Hi @blau! From the demux.qzv you posted for mock-13, it looks like the reverse reads are pretty poor quality across the length of the sequences. My guess is that many of the reverse reads are being discarded during the denoising step, and there's not much left over to merge.

You might try the following:

Process only the mock-13 forward reads and see how many sequences are discarded. @Nicholas_Bokulich has analyzed mock-13 forward-reads only with DADA2 and obtained reasonable results.
The first several positions in the mock-13 sequences are also low quality. You could try trimming off the first several positions from the forward and reverse reads using --p-trim-left-f and --p-trim-left-r. For example, you might try trimming the first 12 positions of the forward reads, and the first 5 positions of the reverse reads.
I think that sequencing artifacts have already been removed from the mock-13 reads.

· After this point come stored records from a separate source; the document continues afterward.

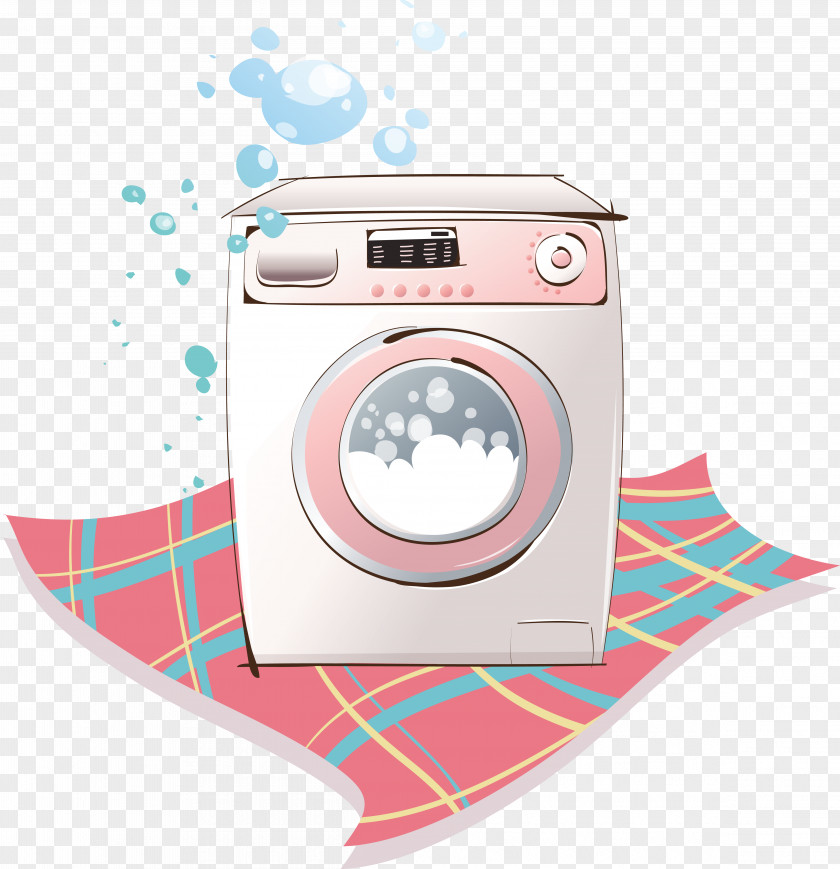 Washing Machine Machines Home Appliance Laundry Refrigerator PNG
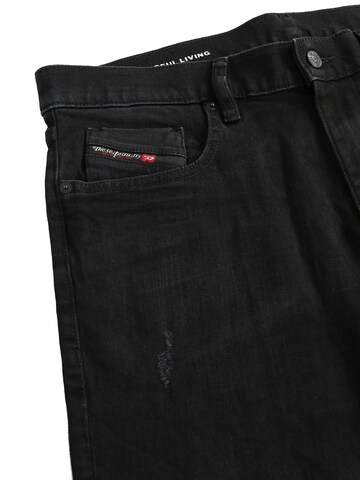 Coupe slim Jean 'D-STRUKT' DIESEL en noir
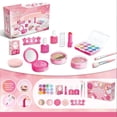 thumbnail image 1 of TIMIFIS Maison de Jeu Enfants Ménage Rouge à Lèvres de Simulation Fard à Paupières Maquillage Robe de Fille Ménage Couleur Ensemble de Maquillage Ne Peut Pas Être Appliqué l'Apparence Simulation Éducation, 1 of 7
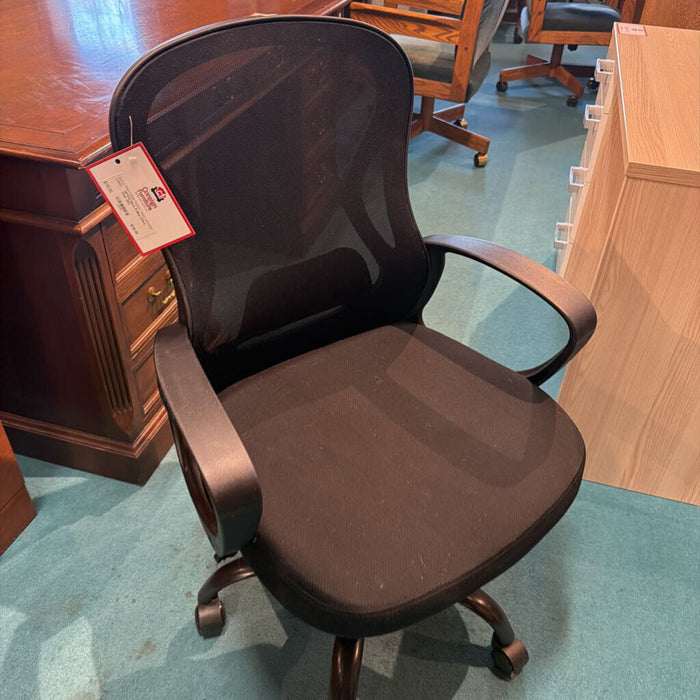 Black Rolling Office Chair (SK)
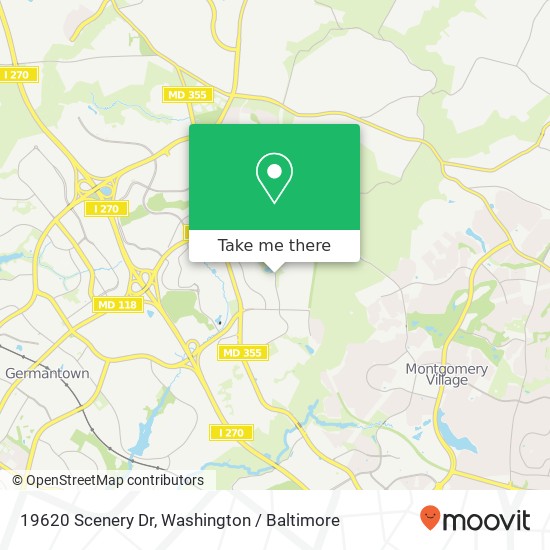 19620 Scenery Dr, Germantown, MD 20876 map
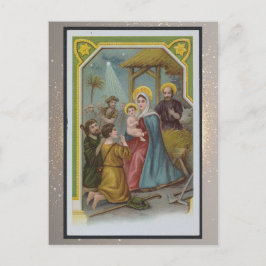 Vintage Weihnachtskarte Postkarte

When you're processing your own data, make sure that all sequencing artifacts (e.g. adapters, primers, barcodes) have been removed from the sequences before processing with DADA2.
The DADA2 functionality available in qiime2 assumes you have amplicon data and that it's produced by an Illumina platform (i.e. for the error model DADA2 builds). mock-13 fits these requirements but you'll want to verify that with your own data set.
If you have ITS data, you may need to trim off the reverse primers from the forward reads if they're present (in addition to the other sequencing artifacts mentioned above).

Let us know how it goes! Sorry to not have a more clear/straightforward answer for you

Thanks @ebolyen and @Nicholas_Bokulich for these suggestions!